In meiner Jugend habe ich viel gezeichnet und auch gemalt. Deutlich öfter als heute. Ich zeichne nur noch im Rahmen meiner Arbeit. Mir fehlt heute irgendwie die Inspiration. Ja, ich würde sogar so weit gehen und mich als unkreativ bezeichnen, wenn es um meine künstlerische Seite geht. Doch ich arbeite in einem kreativen Beruf, denn ich bin Industriedesigner. Wie passt das zusammen?

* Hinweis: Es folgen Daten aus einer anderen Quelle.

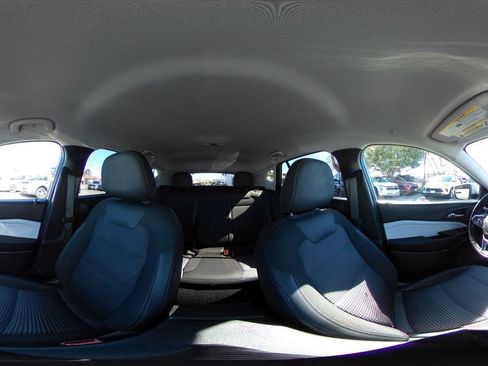 Used 2025 Chevrolet Trax LT w/ LT Convenience Package FWD image 43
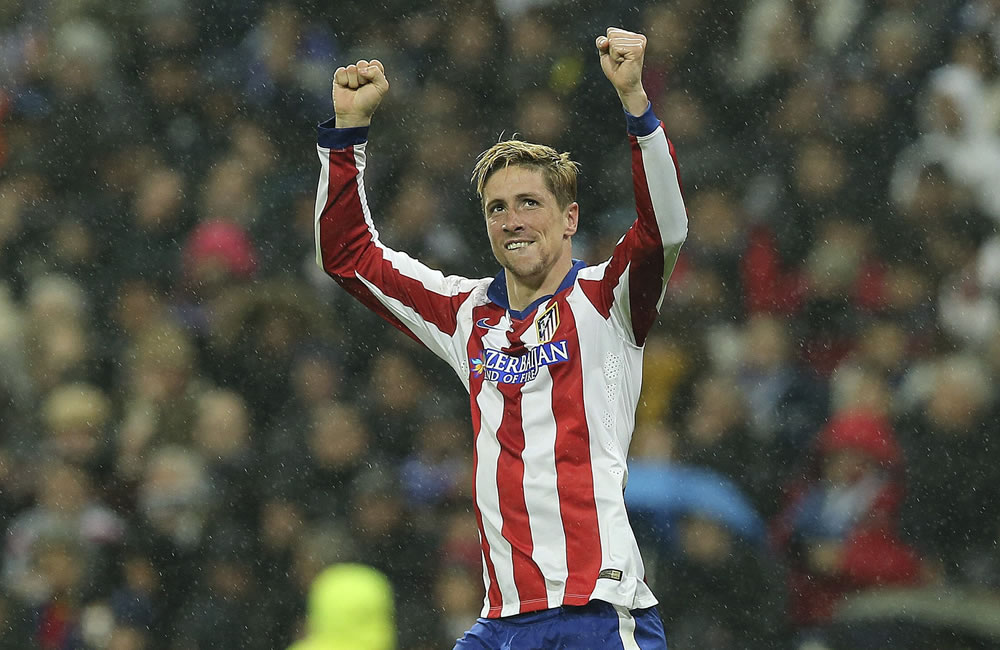 El delantero del Atlético de Madrid Fernando Torres celebra el segundo gol marcado al Real Madrid. Foto: EFE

Dies führt mich zu einer grundlegenden Frage, nach der Definition:

Was ist Kreativität?

Herkunft

Erstmal könnte man sagen, alles bei dem Menschen etwas erschaffen, also etwas kreieren, erfordert Kreativität. Dazu kann man weit in die Vergangenheit schauen. Die Erfindung des Rades, das Bändigen des Feuers und dann die Erfindung komplexerer Geräte und Hilfsmittel, von Faustkeil, über Beile, Pfeil und Bogen bis hin zur Dampfmaschine viele Jahre später. Die Tüftler*innen müssen über Probleme nachdenken und können sich das Leben erleichtern. Aber auch Höhlenmalerei und Schrift sind frühe Produkte der Kreativität.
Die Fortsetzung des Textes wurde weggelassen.